Academic institutions should accept that A.I. is here for the foreseeable future; now, more than ever, professors and teaching assistants need true support (not lip-service or empty regulations and policy changes). The best support is likely to be financial, investing in tools that can better detect LLM and AI generated code or text. Institutions can also provide support by recognizing professors who are taking strides in the direction of appropriate changes.

Final thoughts

During my undergraduate experience, the best professors in my program were ones who understood that students may cheat. There is a difference between getting and earning a degree. So, this whole conversation is not some new phenomenon to academia; rather, A.I. is just a new version of it, and one that I don’t find particularly remarkable at all.

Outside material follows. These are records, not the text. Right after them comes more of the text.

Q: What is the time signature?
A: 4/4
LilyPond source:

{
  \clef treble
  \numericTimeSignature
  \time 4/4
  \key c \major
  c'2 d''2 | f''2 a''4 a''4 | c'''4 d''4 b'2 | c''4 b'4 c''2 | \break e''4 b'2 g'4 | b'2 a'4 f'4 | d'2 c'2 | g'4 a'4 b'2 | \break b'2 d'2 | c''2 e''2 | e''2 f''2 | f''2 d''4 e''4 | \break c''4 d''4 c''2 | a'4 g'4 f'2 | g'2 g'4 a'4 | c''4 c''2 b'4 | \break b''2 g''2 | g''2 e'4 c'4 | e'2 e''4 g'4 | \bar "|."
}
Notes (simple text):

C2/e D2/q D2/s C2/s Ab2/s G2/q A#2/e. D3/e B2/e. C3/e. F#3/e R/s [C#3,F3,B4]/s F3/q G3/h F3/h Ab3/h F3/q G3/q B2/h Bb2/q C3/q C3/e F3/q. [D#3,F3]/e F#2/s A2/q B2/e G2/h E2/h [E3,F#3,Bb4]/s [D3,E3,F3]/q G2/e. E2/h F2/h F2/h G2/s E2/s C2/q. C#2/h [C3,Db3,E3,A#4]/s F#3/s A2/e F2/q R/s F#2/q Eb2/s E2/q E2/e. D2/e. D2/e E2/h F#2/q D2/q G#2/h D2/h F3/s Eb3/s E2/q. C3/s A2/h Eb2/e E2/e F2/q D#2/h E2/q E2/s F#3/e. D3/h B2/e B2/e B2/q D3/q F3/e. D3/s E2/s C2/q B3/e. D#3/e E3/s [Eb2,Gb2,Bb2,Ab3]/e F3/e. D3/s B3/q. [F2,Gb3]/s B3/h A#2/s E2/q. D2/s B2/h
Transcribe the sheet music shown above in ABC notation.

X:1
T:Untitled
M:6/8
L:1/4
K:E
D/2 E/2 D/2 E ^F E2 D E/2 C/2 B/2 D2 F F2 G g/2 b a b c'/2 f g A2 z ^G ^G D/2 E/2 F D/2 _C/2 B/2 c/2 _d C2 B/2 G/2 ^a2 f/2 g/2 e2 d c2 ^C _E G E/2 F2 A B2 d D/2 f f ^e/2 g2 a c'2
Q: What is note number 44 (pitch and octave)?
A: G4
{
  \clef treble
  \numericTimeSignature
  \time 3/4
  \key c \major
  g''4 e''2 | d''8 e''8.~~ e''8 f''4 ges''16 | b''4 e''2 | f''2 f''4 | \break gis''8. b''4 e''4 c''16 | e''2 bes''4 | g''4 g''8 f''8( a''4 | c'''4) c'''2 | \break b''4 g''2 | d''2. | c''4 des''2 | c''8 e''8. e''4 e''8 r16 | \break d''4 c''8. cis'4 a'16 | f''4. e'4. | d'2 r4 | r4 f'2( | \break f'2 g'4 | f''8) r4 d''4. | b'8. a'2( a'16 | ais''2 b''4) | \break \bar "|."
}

Likewise, those same professors were usually the ones who offered challenging assignments and high levels of support, whether it be career advice, networking opportunities, or considerations for my personal or professional goals. They tried to adopt new developments in computer science, information technology, or any of the disciplines which are often groped together as “Cybersecurity.” At the end of the day, these are the things that foster success.

Many undergraduates are fresh out of high school and still learning what it means to be a professional. If you are concerned about A.I. generated content overwhelming your curriculum, try to switch your point of view.

You, as the leader, have an opportunity to mentor a semester’s worth of upcoming professionals. And not just the ones who lead clubs and pay lip-service, or those who think they’ve manipulated the system because they asked an LLM to do their homework; but, really, also the ones who want to do the right thing, the ones who want to be prepared for the ever-changing workforce which they are about to inherit. The ones who work 40 hours around school so they can get their education and also eat every night.

Or the ones who generate A.I. content because they feel no one cares enough to check in the first place.